Gender and Land Rights Database


Customary norms, religious beliefs and social practices that influence gender-differentiated land rights

Customary norms, religious beliefs and social practices that influence gender-differentiated land rights.

The country is characterized by great ethnic and religious diversity, with over 85 ethnic groups and most major world and animist religions and a multiplicity of patrimonial and customary laws; this implies variations in the status of women (15).

Semitic traditions and the Orthodox Church of Ethiopia tend to dominate in the northern Tigray and Amhara regions, where, according to customary norms, women cannot plough the land and are forced to rent their land to others and share only 30 percent of the products (15).

The southern regions of Oromiya and Southern Nations and Nationalities People’s Region (SNNPRS) are characterized by Cushitic traditions, animist beliefs and Muslim and Protestant faiths. Also in these regions, women have no right to own land but also can only have access to land through their husbands. This is because the household was traditionally considered as a unit for land distribution and only heads of households were registered as members of the peasant associations.

More specifically, patriarchal rules prevailing in both Muslim and Protestant faiths within the Oromiya region limit women’s access to land. Women gain access to land only through marriage. Upon dissolution of marriage, they are expected to leave their marital homes and return to their natal homes, thus losing access to land of their previous husband (15).

In the eastern region of Gambela, consisting mainly of Sunni Muslims and recently converted Protestants, women have no officially recognized right to own land and they entirely depend on their husbands for access to land.

Important exceptions include the enset-growing areas, where women seem to play a more central role in cultivation because they do not need to rely on animal traction; and the Orthodox north in the Tigray region, where more egalitarian rules prevail (17).

In practice, land and cattle are men’s property, although women can own household utensils and some small animals (chickens and sheep). When women want to sell any personal assets they possess, they must negotiate such decisions with their spouses (18).

As for divorced women or widows, the land they live on is not entrusted to them unless they live and farm with the husband’s family (8).

Polygamous marriages make the issue of land rights complex, especially in the division of use rights among several women. In practice, the oldest wife has access to land because only one wife is allowed to register. Such use rights are vulnerable and are subject to contestation upon dissolution of marriage (8).

In the SNNPR and Oromiya regions, polygamous wives’ resistance has resulted in a change in the registration and certification system so that the husband’s name can be included on the certificate with his first wife and with his later wives (8).

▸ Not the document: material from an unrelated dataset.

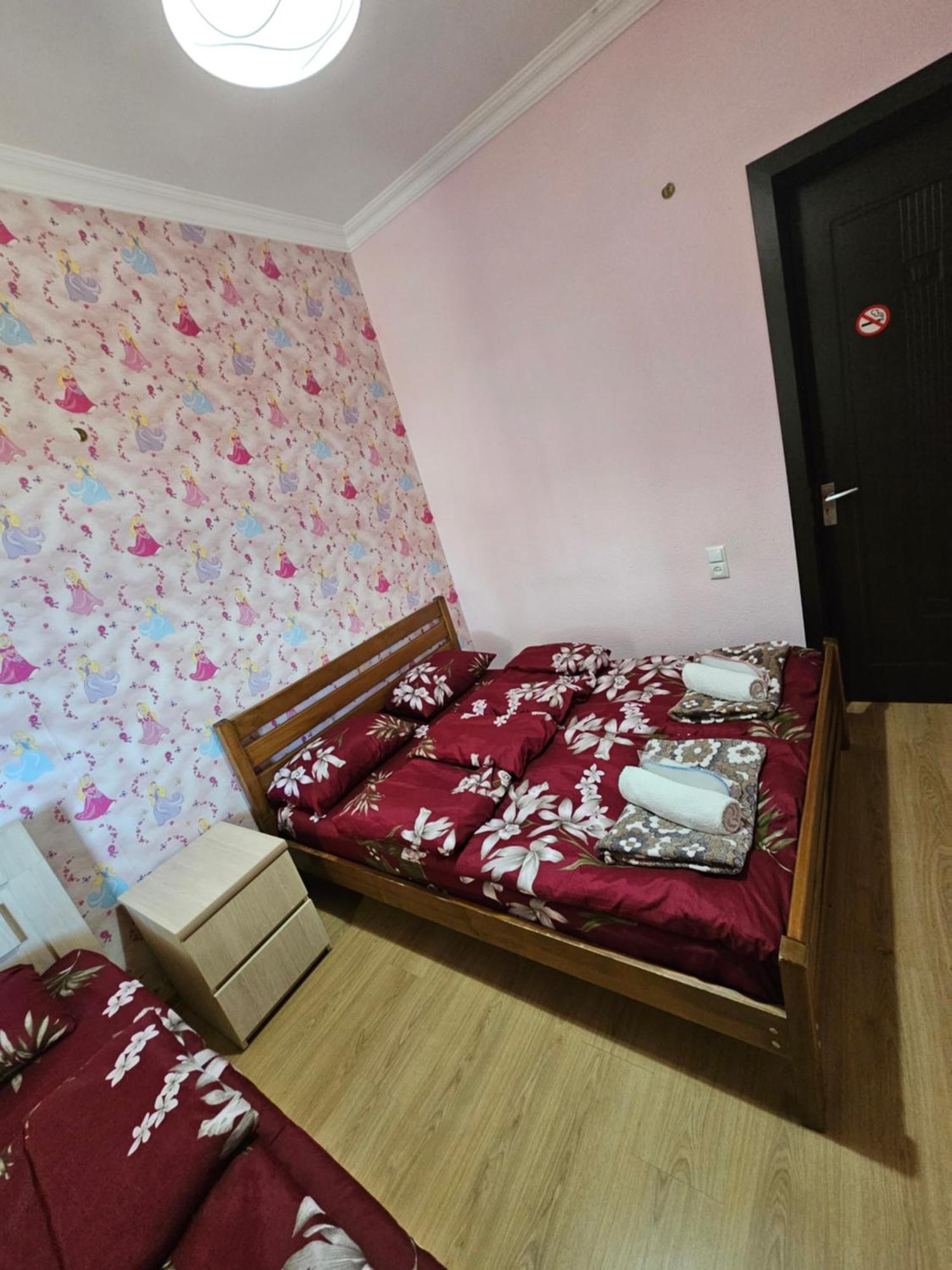 Guesthouse Different Тбилиси Номер фото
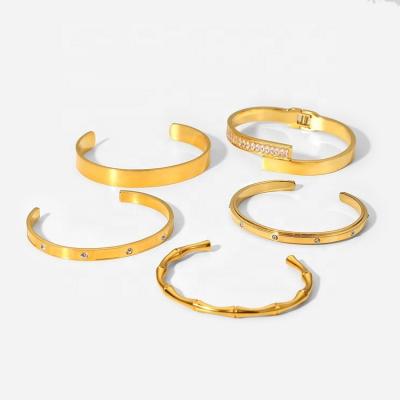 China Simple and Fashion Jewelry Gift 18K Cubic Zirconia Tasty Gold Cuff Bracelet Unique Gold Plated Bamboo Bangle for sale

Traditional authorities and customary institutions


Inheritance/succession de facto practices

Customary inheritance laws follow a patrilineal inheritance system which privilege men. More specifically, the oldest or unmarried son is more likely to inherit land from his parents while daughters in the Oromiya region cannot inherit their parents’ property because it is believed that their wealth is at their husbands’ homes. In Gambella, women do not inherit property unless there are no sons, the daughters are too old to remarry or the women have sons who are minors. In Amhara, which is predominantly inhabited by Christians, women can inherit only if there are no brothers or parents (8).

Muslim married women have rights over one-eighth of livestock and their by-products. Upon the husband’s death, a widow may be required to marry one of the brothers-in-law in order to continue the family blood line (19).

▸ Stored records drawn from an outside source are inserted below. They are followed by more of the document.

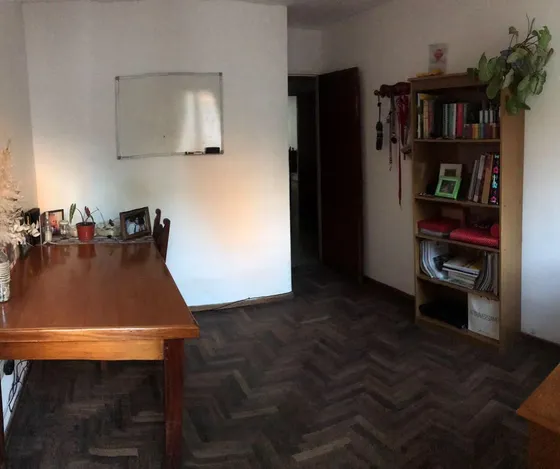 Venta Departamento 3 Dormitorios Cochera Y Patio  - Alto Alberdi - Córdoba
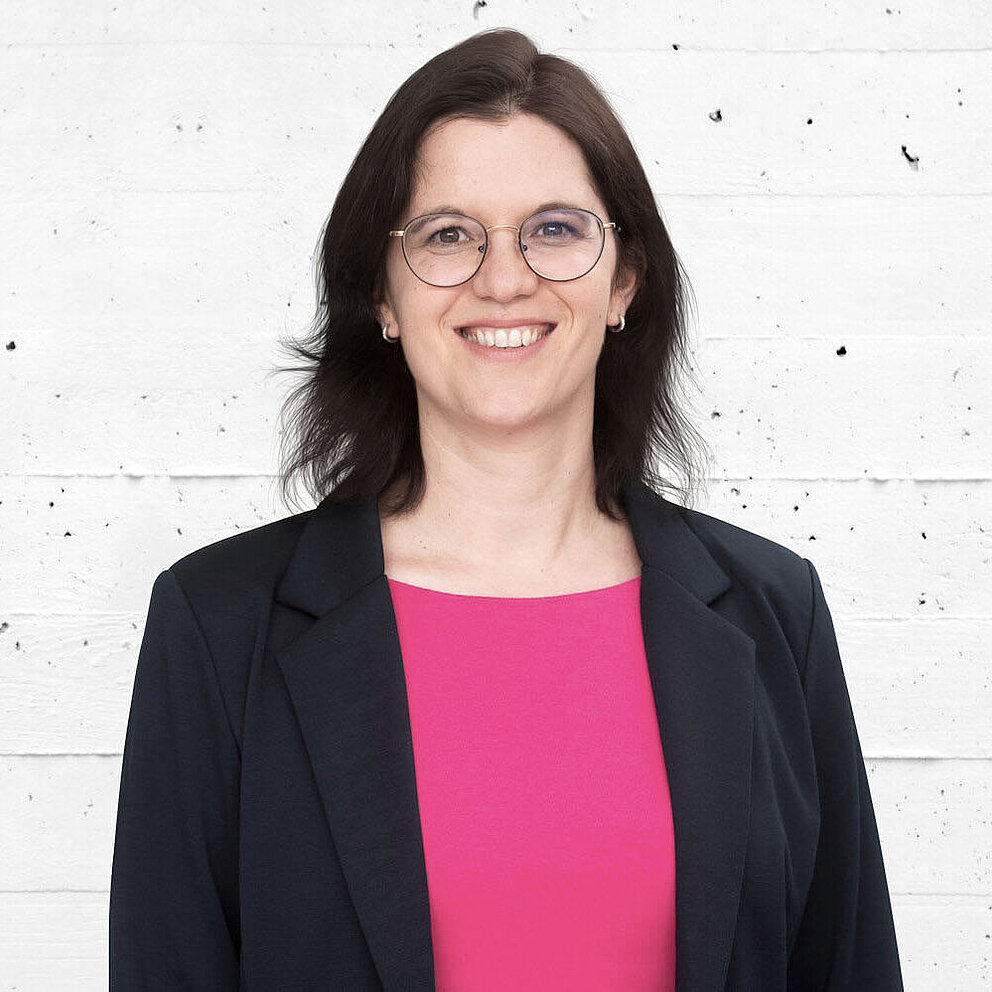 Portraitfoto von Anja Krätschmer, Mitarbeiterin der Landesagentur e-mobil BW.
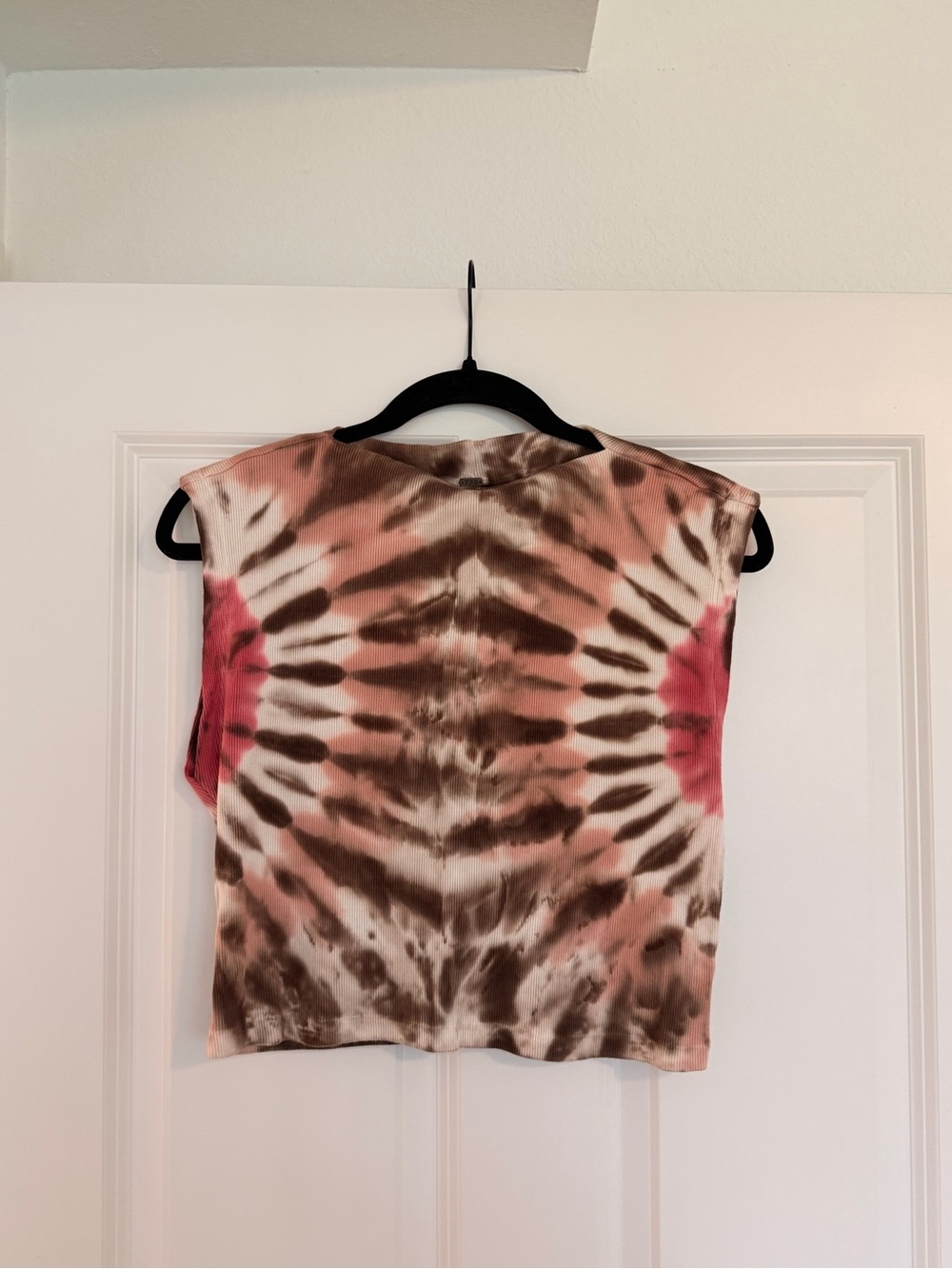 Tie-Dye Sleeveless Tank Top - Pink and Brown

In the northern part of the country, sons and daughters had an equal right to inherit land since lineage could be traced through their father and mother to claim land, i.e. cognatic descent. In practice, however, given the prevalent patrilocal marriage system, women’s rights to land were often ignored or implicitly traded in exchange for family support (17).

Discrepancies/gaps between statutory and customary laws

Although legislation affirms women’s basic rights to land, resources and employment, customary and religious practices and laws limit women’s access to resources because of the country’s great variety of traditions, norms and practices of ownership (15).

The customary rule that only the husband is entitled to land ownership and officially represents the household in any transaction with other institutions in legal and administrative matters, contradicts Article 35[7] of the Constitution, which guarantees women’s equal rights to acquire, administer, control, use and transfer property. It also violates Article 40 [1] of the Constitution on women’s equal rights to enjoy and use property and to “sell or transfer by succession or by any other means” (15).

Despite the legal protection in the Ethiopian Family Law (FDRE 2000), the rights of women are not yet consolidated. Under customary law, marriages are still not voluntary and parents decide on behalf of their daughters. Bride price and dowry remain important elements of marriage contracts (8).

The National Policy of Women, formulated in 1993, acknowledges the rights of women to participate equitably within society and within the household, but fails to recognize the extent to which significant variations in customs and traditions among regions constitutes a constraint to the effective delivery of development services to women (15). Moreover, although a consent clause exists in the family codes, in practice, husbands can, and often do, take a loan without the consent of their spouses (12).